* DATASET CONTENT *
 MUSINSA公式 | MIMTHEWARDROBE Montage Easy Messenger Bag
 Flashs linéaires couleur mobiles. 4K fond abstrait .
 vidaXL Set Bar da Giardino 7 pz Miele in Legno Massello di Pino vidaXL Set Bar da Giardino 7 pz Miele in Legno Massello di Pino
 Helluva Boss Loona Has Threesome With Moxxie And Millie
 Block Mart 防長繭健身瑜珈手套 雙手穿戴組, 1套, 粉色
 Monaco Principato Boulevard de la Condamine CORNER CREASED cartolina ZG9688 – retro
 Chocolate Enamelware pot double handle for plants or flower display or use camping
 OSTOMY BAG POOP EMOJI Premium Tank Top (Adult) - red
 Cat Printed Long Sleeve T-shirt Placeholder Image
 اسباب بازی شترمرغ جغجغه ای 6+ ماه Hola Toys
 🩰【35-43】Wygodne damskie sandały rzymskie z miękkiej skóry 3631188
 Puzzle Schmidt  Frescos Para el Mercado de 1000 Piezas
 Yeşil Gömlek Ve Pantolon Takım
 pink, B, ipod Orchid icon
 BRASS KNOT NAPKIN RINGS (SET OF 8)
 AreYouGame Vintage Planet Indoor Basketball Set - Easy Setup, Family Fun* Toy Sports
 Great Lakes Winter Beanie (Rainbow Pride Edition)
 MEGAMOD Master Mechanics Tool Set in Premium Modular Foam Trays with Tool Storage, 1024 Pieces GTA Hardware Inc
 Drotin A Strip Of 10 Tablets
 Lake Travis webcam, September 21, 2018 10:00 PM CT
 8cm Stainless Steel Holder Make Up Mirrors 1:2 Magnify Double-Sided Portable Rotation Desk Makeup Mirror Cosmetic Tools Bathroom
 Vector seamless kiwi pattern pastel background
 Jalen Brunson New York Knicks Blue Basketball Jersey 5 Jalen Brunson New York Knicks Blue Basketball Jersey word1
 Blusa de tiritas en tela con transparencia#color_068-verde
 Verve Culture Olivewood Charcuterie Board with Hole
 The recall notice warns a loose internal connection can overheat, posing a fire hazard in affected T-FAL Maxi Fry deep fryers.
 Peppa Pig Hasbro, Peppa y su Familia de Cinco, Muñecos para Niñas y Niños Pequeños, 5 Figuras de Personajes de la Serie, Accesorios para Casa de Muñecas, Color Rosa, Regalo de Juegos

* WHAT YOU ARE ASKED TO DO *
Where the material contains a line with "Easy", return that line.

* ANSWER TO THIS PROBLEM *
 MUSINSA公式 | MIMTHEWARDROBE Montage Easy Messenger Bag
 AreYouGame Vintage Planet Indoor Basketball Set - Easy Setup, Family Fun* Toy Sports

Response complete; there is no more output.